Facets of Unity, pg. 167

Stage 3 in the Process of Freeing the Assemblage Point

The third stage is neither your teacher moving your assemblage point nor you moving it. It is completely freeing the movement of the assemblage point. Freeing your assemblage point requires having the trust to surrender so that spirit will move your assemblage point. In that way, you are not standing in the way of spirit nor directing it, but letting it move your consciousness. When this happens, you don’t have to do anything—you just relax, surrender, be, and spirit moves you. This freedom of the assemblage point means that your perception of reality is no longer determined by your fixation in one particular band of reality. It means freedom from fixation in the place of thought, the place of ego. In other traditions, this freedom is called “ego death.” Ego death means, in this context, that you are not fixated in any particular band, but that your assemblage point is moved spontaneously by pure spirit. This work of freeing the assemblage point does not depend on any particular aspect or dimension.

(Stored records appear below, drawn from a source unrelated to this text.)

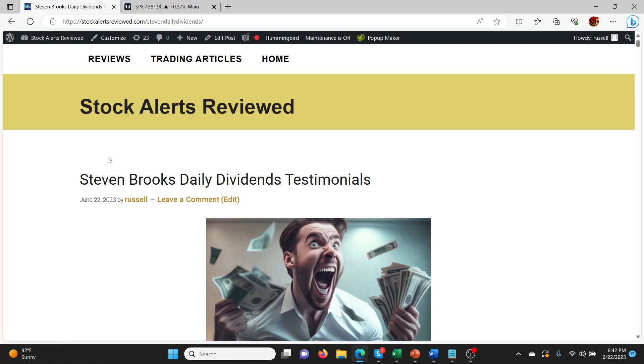Hey guys, what's going on? Welcome back to the channel. I'm doing a video here on Stephen Brooks Daily Dividends, which is a service that I'm really excited about and it's launching this week. If you haven't checked it out yet, I'll leave a link in the description below. You can click on it, sign up for the webinars. I think he's running a couple of webinars this week and then offering his service to new subscribers.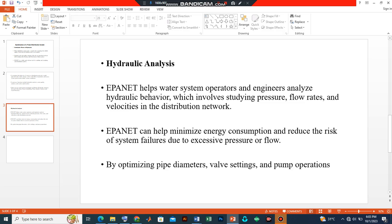We are going to continue in our next video by looking at parameters like pressure and velocity, and how this basic knowledge will help us when making decisions in a typical water supply system. Stay tuned for the second part of this video.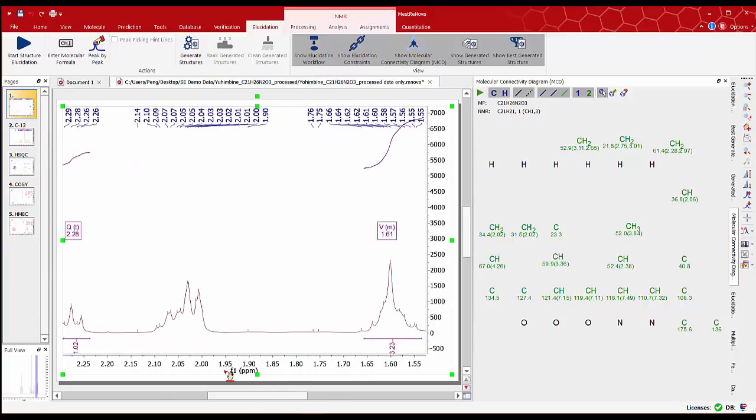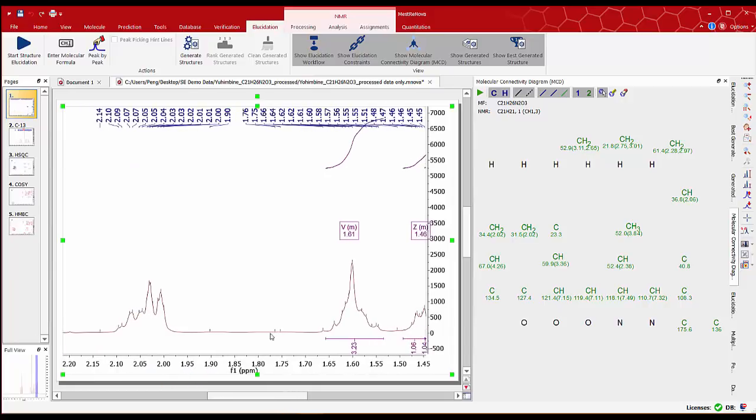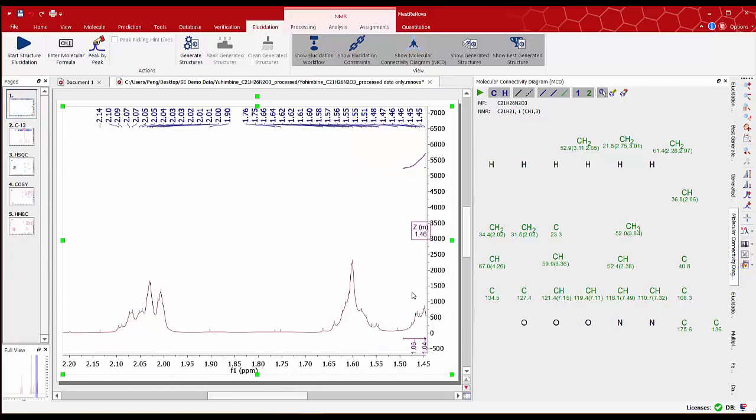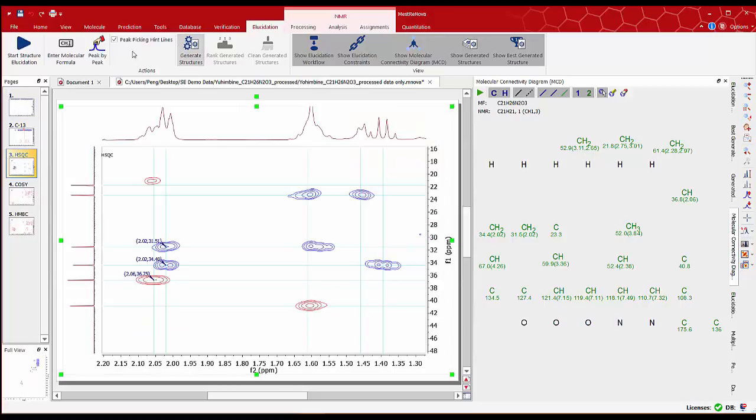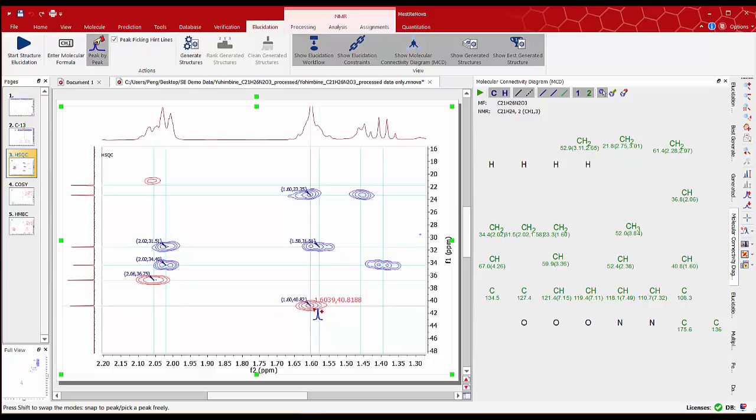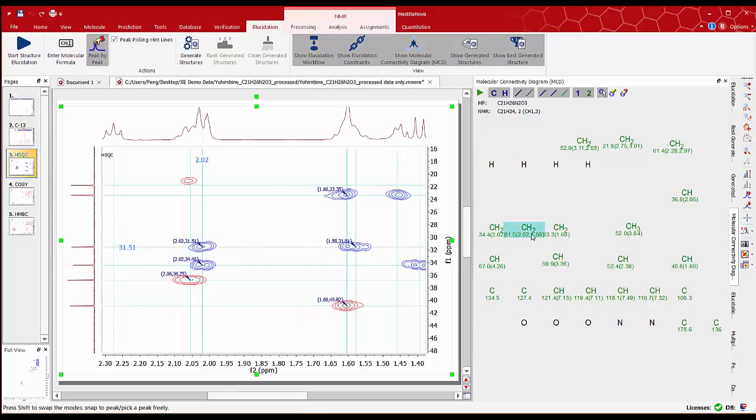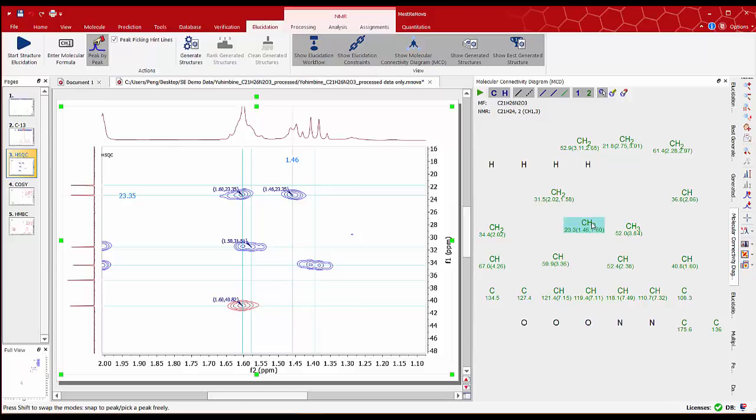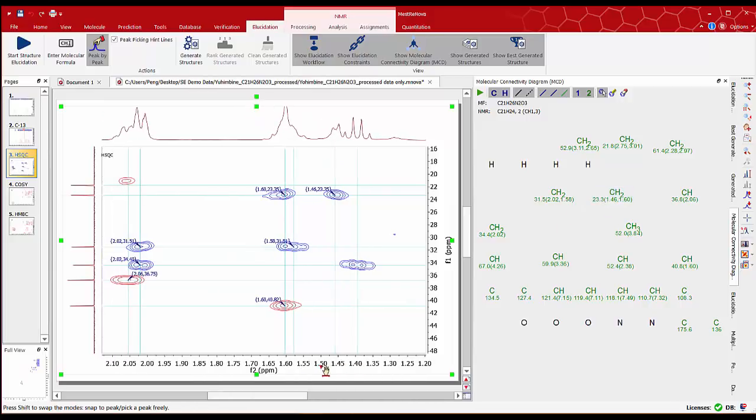We can assign in a very similar way the other multiplet at 1.6 ppm. Mouse right click and select delete multiplet and keep doing peak picking to the remaining peaks. We can tidy up the assigned groups on the MCD panel. We can continue with the peak picking for other correlations.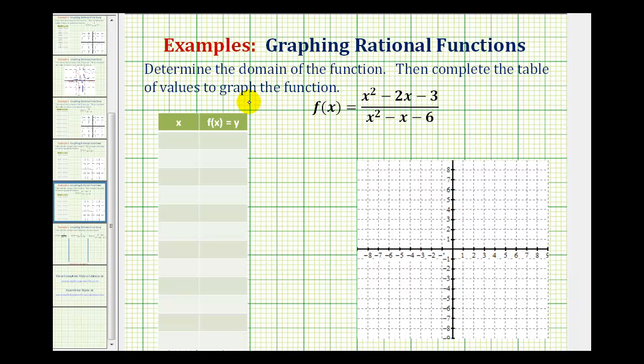Given the rational function, we want to determine the domain of the function, complete a table of values, and then graph the function.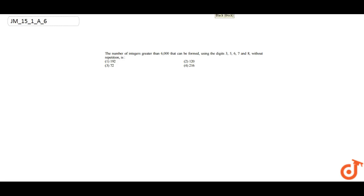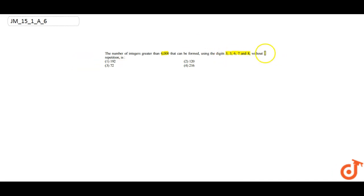This question is from the chapter Permutation and Combination. We have to find the number of integers greater than 6000 formed by using the digits 3, 5, 6, 7, 8 without repetition.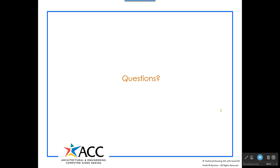Since this is a video, I can't open it up for questions, but I hope this helps you figure out how to dimension parts a little bit better.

If this perspective and understanding is integrated, you will see that you really don’t need to do anything except to let go and allow yourself to be moved. Holy Freedom, you will recall, means surrendering to the Holy Will, and the Holy Will is nothing but the will of spirit. Of course, the process of the Work cannot be neatly divided into one of these three stages. Usually, all the stages of moving and freeing the assemblage point are happening concurrently, with one of them being more dominant. As a beginning student, however, you do need to experience your teacher moving your assemblage point. This is an initiation into other bands of reality and it empowers you to contact those bands. After this, you develop access to your own will, your own strength, you own power, your own autonomy—which means that you are able to move your own assemblage point. But eventually, you need to move beyond yourself as the mover of your process, to bring about the freedom of unfoldment in which whatever happens is a natural and spontaneous arising leading from one experience to another, from one dimension to another, with no person determining it.

Facets of Unity, pg. 167

Surrendering to Our Unfoldment is Freedom of Movement of the Assemblage Point

So our work here is basically a way of seeing the unfoldment, understanding the unfoldment, facilitating the unfoldment, and surrendering to the unfoldment. Facilitating the unfoldment involves the first two stages in freeing the assemblage point—the teacher initially moving it and then you learning to move it yourself. Surrendering to the unfoldment is freedom of movement of the assemblage point, the third stage. Here, you see that freedom is a matter of surrendering to the spirit that is moving you. When this happens, you recognize that when the teacher moves your assemblage point, it is not the teacher doing it—it is spirit; and when you move your assemblage point, it isn’t you doing it—it is spirit. It was and always is spirit moving it; the Holy Work does it. This understanding brings the perspective of freedom.

Facets of Unity, pg. 177

Unfoldment is Nothing but the Spirit Moving Your Assemblage Point from One Band to Another

Holy Wisdom means understanding that you do not know what’s going to happen next, and so the only thing that you can do is relax. You realize that if you relax, you are. You become the presence, and when you are the presence, you are in the present. When you are in the present, real work can happen, and that real work is the unfoldment. This is not work in the way it is ordinarily understood, which is that of ego activity; real work is the unfoldment of the soul which, as we are seeing, requires no such activity. If we can allow this unfoldment to happen, the result is freedom, since your assemblage point moves according to the unfoldment. The unfoldment is nothing but the spirit moving your assemblage point from one band to another, revealing all of your potential.